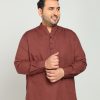 Kurtas | IVOC Plus Men Rust Regular Fit Printed Casual Kurta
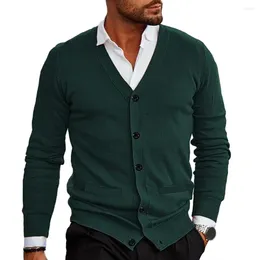 Men's Sweaters Men Cardigan Sweater V Neck Single-breasted Slim Fit Knitted Elastic Soft Buttons Casual Warm Coat Erkek Mont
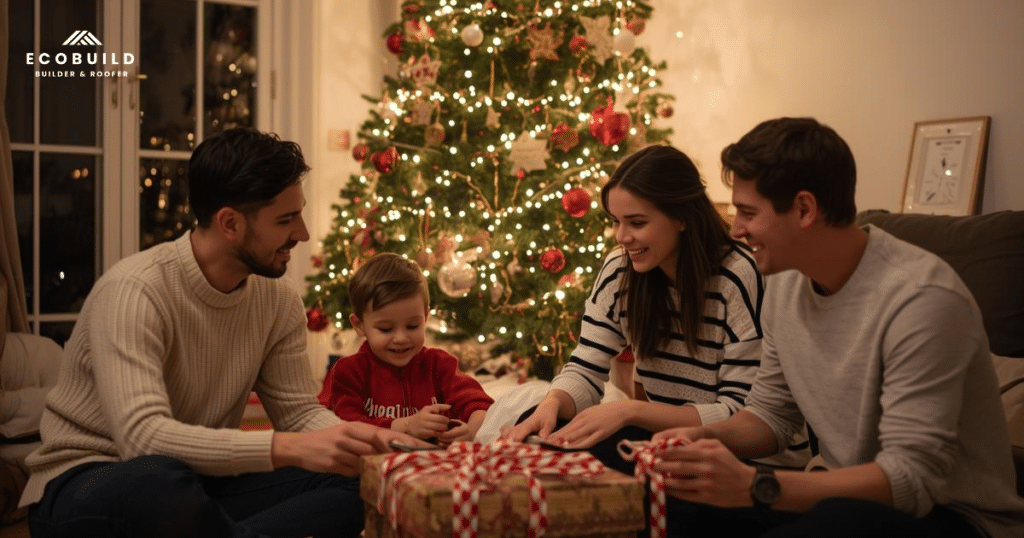 Florida homeowners enjoying the holidays with safe roof decorations following roof safety Florida guidelines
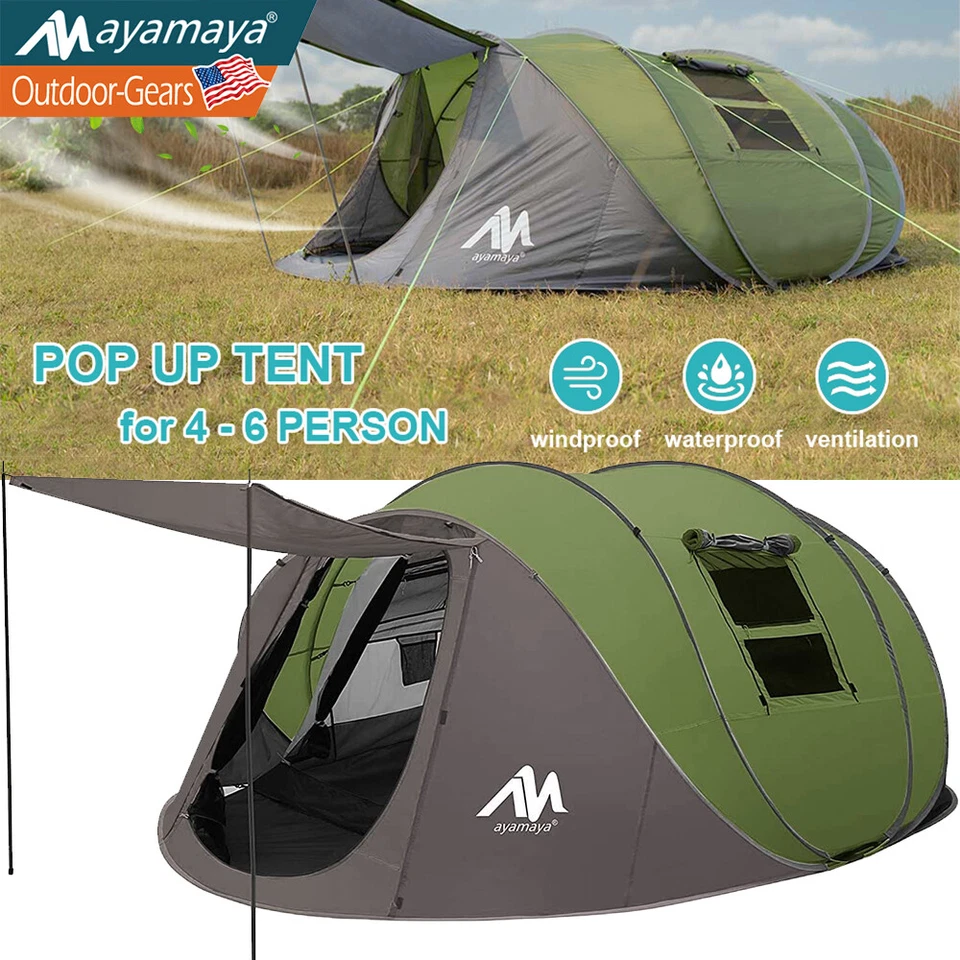AYAMAYA 4-6 Person Automatic Instant Pop Up Camping Tent Outdoor Waterproof Double Layer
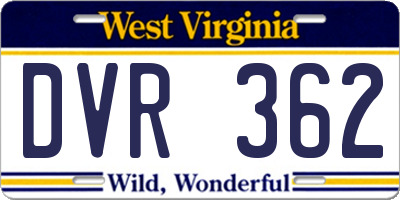 WV license plate DVR362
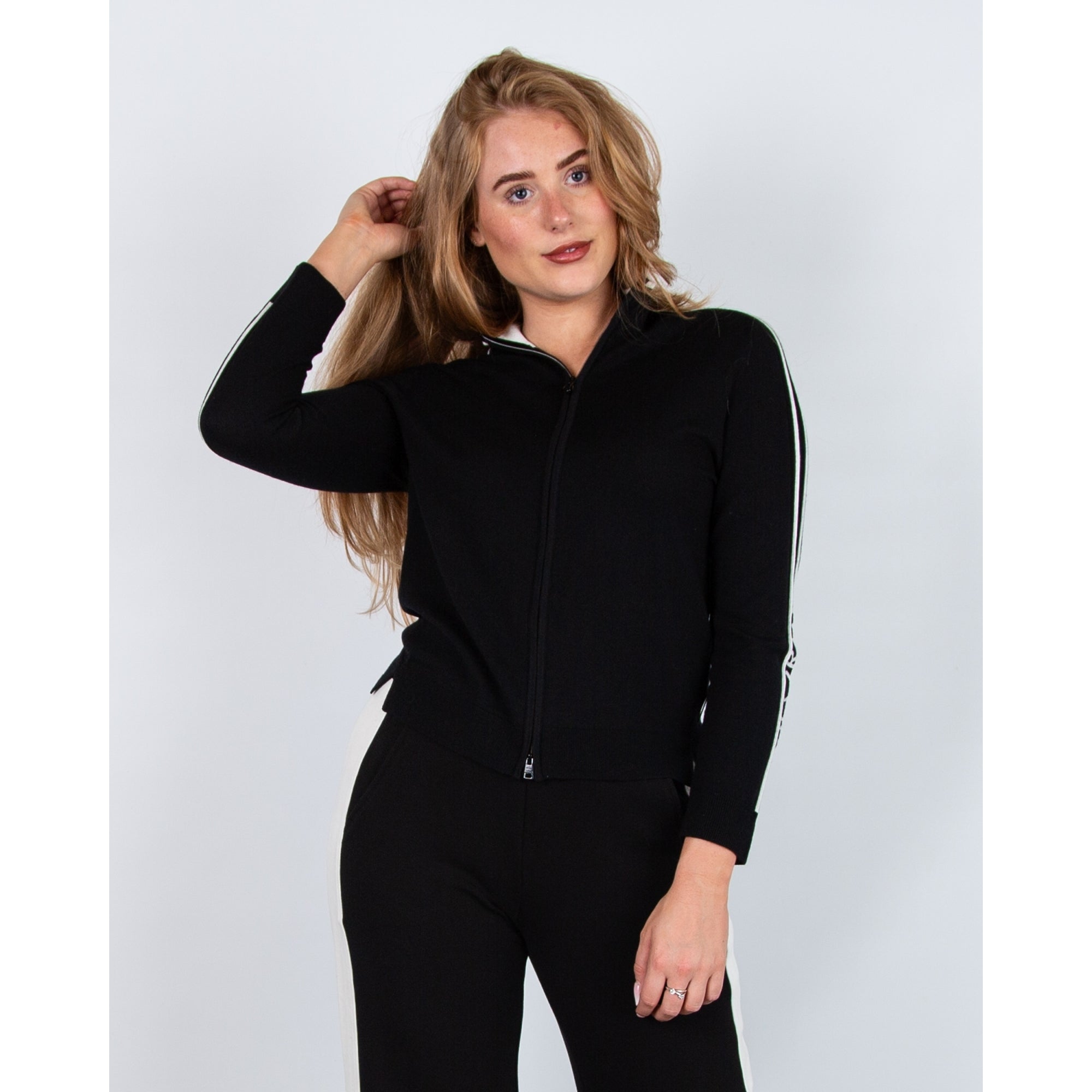 Marc Cain Rethink Together Stripe Arm & Neck Knitted Jacket Black 900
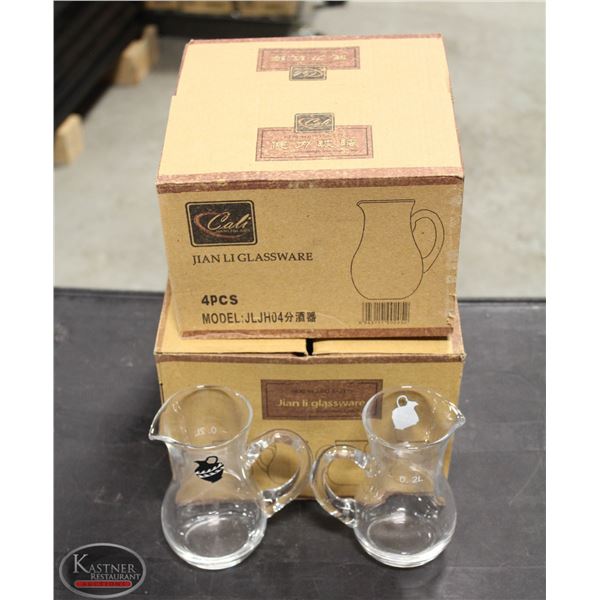 TWO CASES OF 4 NEW  MINI PITCHERS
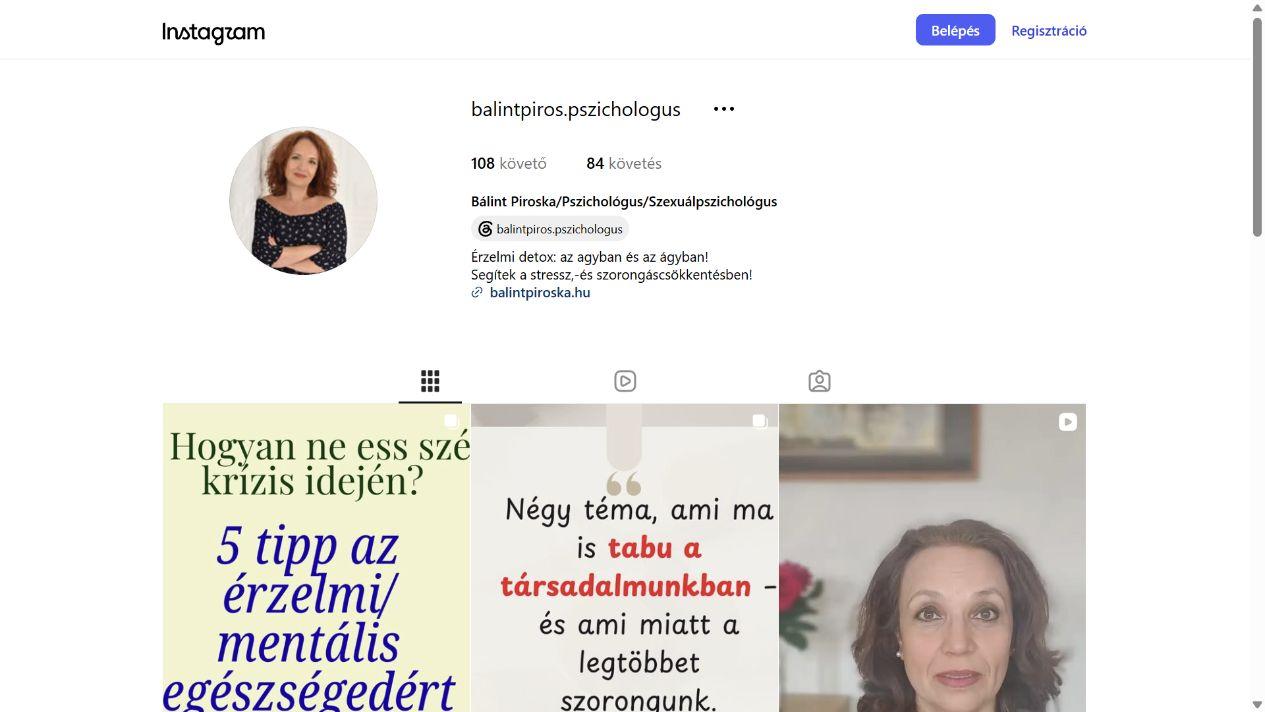 Bálint Piroska - @balintpiros.pszichologus képernyőfotó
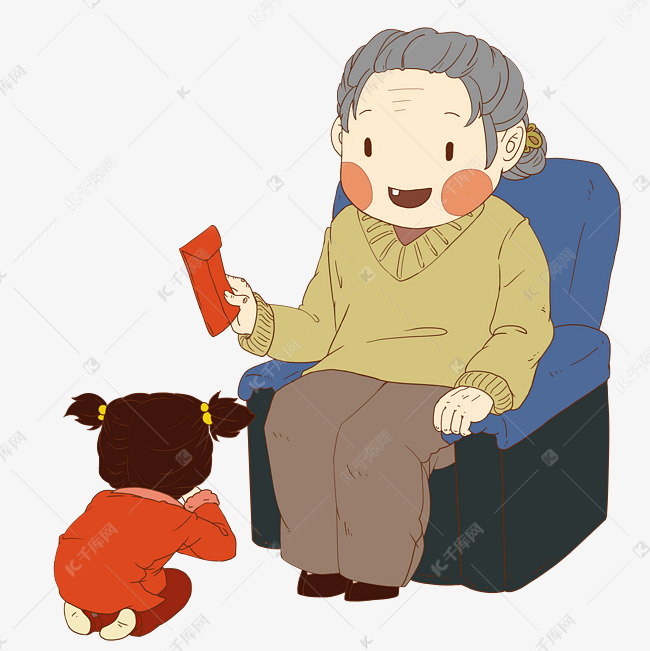 慈爱的奶奶手绘插画
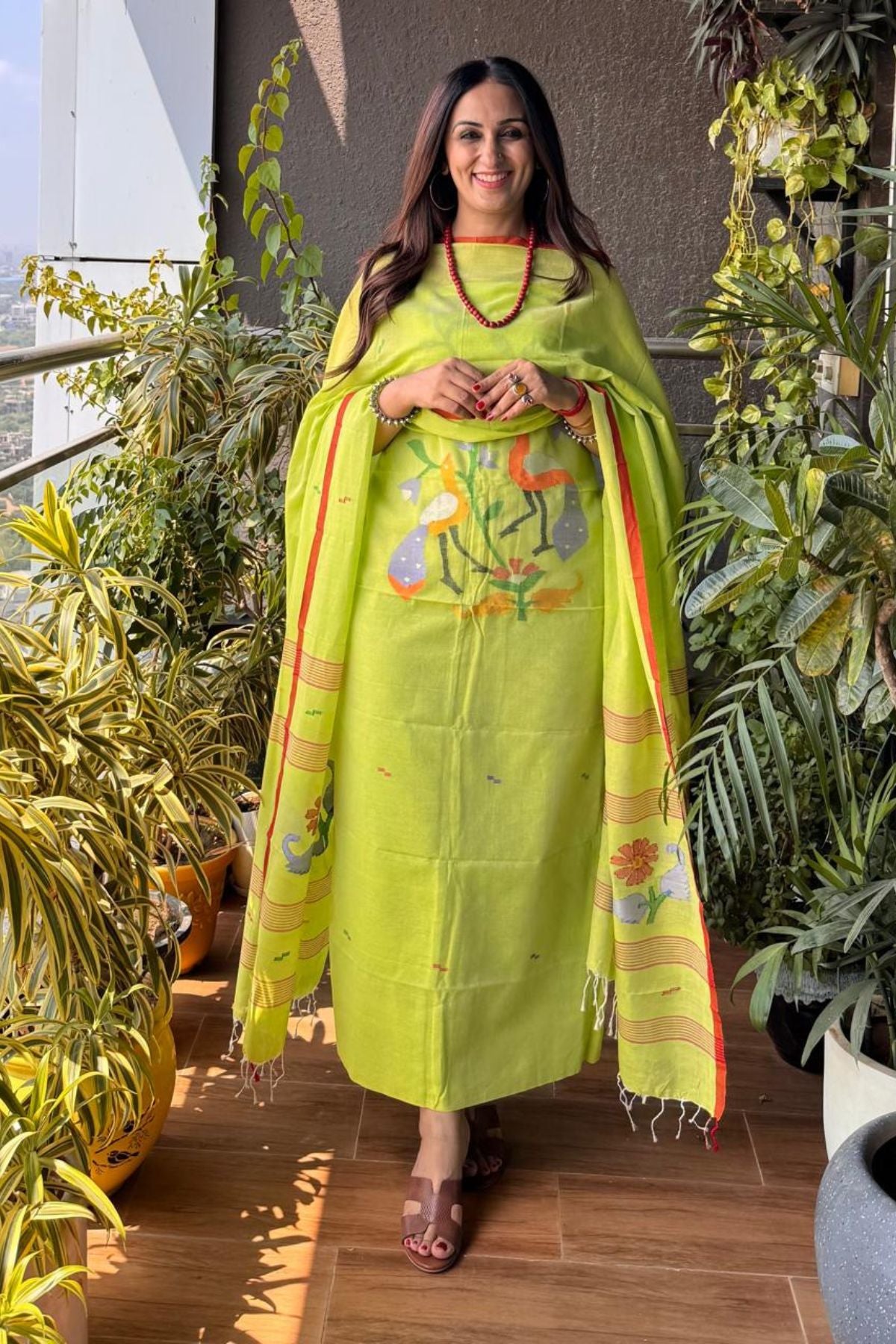 Jamdani kurta dupatta set in pure cotton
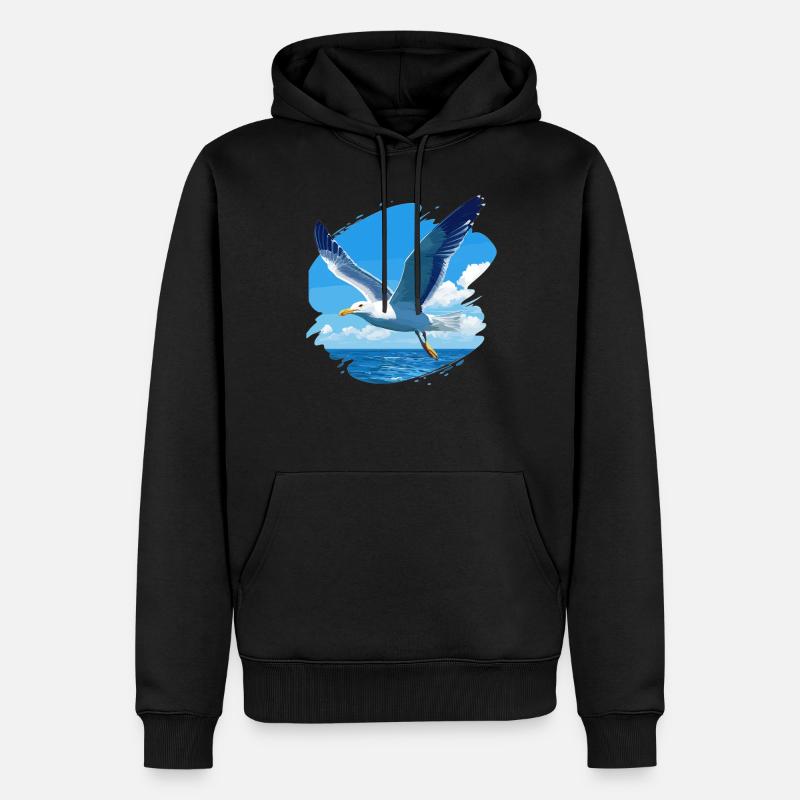 Mouettes Mouette - Sweat à capuche Premium bio Homme - noir
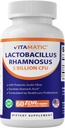 Vitamatic Lactobacillus Rhamnosus 5 Billion per DR Capsule (10 miljarder per 2 kapslar) - 60 greve - Avancerad Digestive & Immune Support - Tillverkad med Prebiotic Inulin Fiber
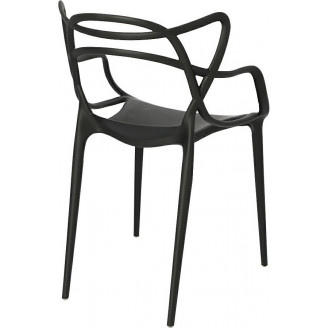 Designerskie Krzesło ażurowe z tworzywa Lexi czarne D2.Design do kuchni, kawiarni i restauracji.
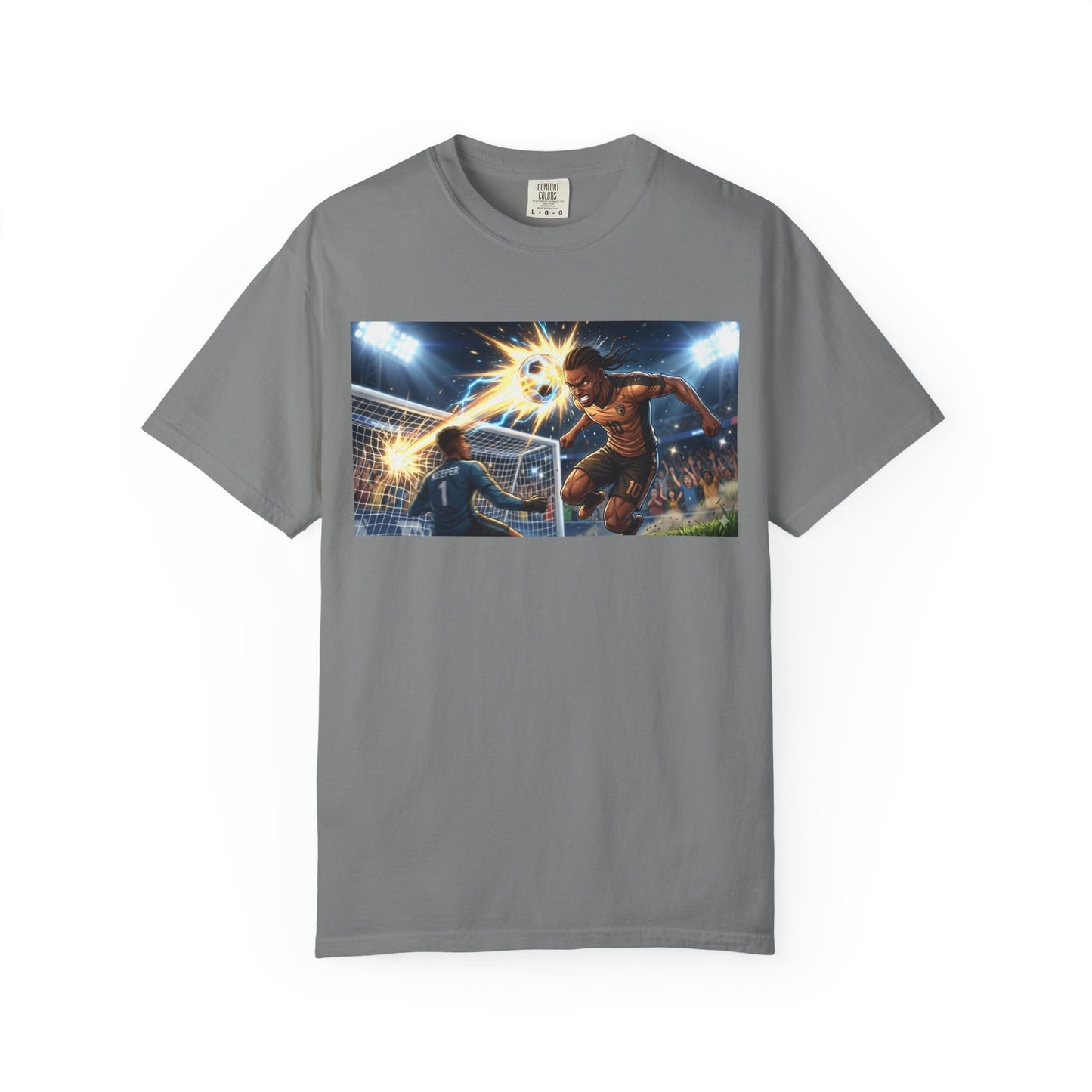 Soccer Goal Celebration T-Shirt — Action Football Scene Graphic Tee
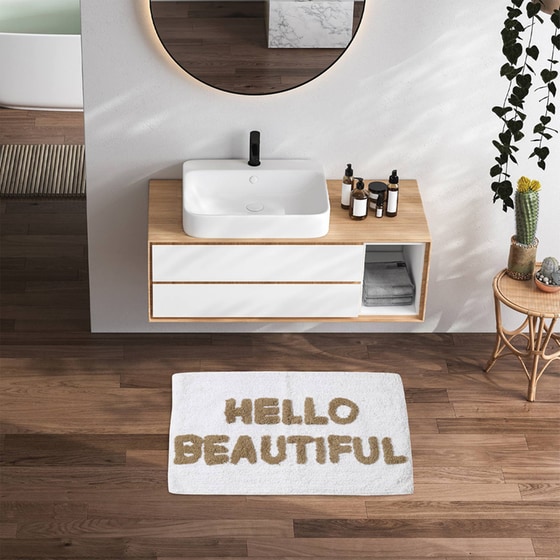 Πατάκι Μπάνιου Das Home Bathmats 0674 Ορθογώνιο από Βαμβάκι 50x80 cm - Μπεζ/Εκρού image 1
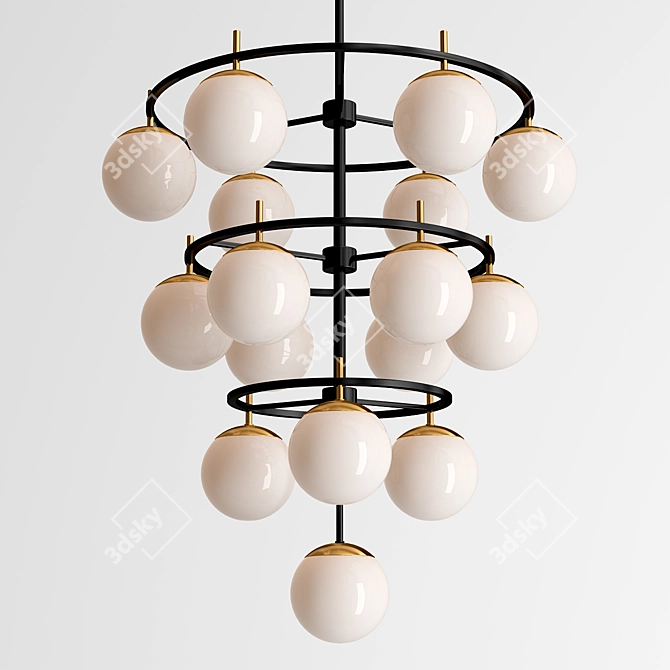 Elegant Alluria Chandelier Collection 3D model image 2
====
→ WHAT THE TASK ASKS
Reproduce all the records verbatim, excluding images.

→ EXERCISE RESPONSE
 Kurtas | IVOC Plus Men Rust Regular Fit Printed Casual Kurta
 Men's Sweaters Men Cardigan Sweater V Neck Single-breasted Slim Fit Knitted Elastic Soft Buttons Casual Warm Coat Erkek Mont
 Florida homeowners enjoying the holidays with safe roof decorations following roof safety Florida guidelines
AYAMAYA 4-6 Person Automatic Instant Pop Up Camping Tent Outdoor Waterproof Double Layer
 WV license plate DVR362
 Marc Cain Rethink Together Stripe Arm & Neck Knitted Jacket Black 900
 TWO CASES OF 4 NEW  MINI PITCHERS
 Bálint Piroska - @balintpiros.pszichologus képernyőfotó
 慈爱的奶奶手绘插画
 Jamdani kurta dupatta set in pure cotton
 Mouettes Mouette - Sweat à capuche Premium bio Homme - noir
 Vitamatic Lactobacillus Rhamnosus 5 Billion per DR Capsule (10 miljarder per 2 kapslar) - 60 greve - Avancerad Digestive & Immune Support - Tillverkad med Prebiotic Inulin Fiber
 Designerskie Krzesło ażurowe z tworzywa Lexi czarne D2.Design do kuchni, kawiarni i restauracji.
 Soccer Goal Celebration T-Shirt — Action Football Scene Graphic Tee
 Πατάκι Μπάνιου Das Home Bathmats 0674 Ορθογώνιο από Βαμβάκι 50x80 cm - Μπεζ/Εκρού image 1
 Elegant Alluria Chandelier Collection 3D model image 2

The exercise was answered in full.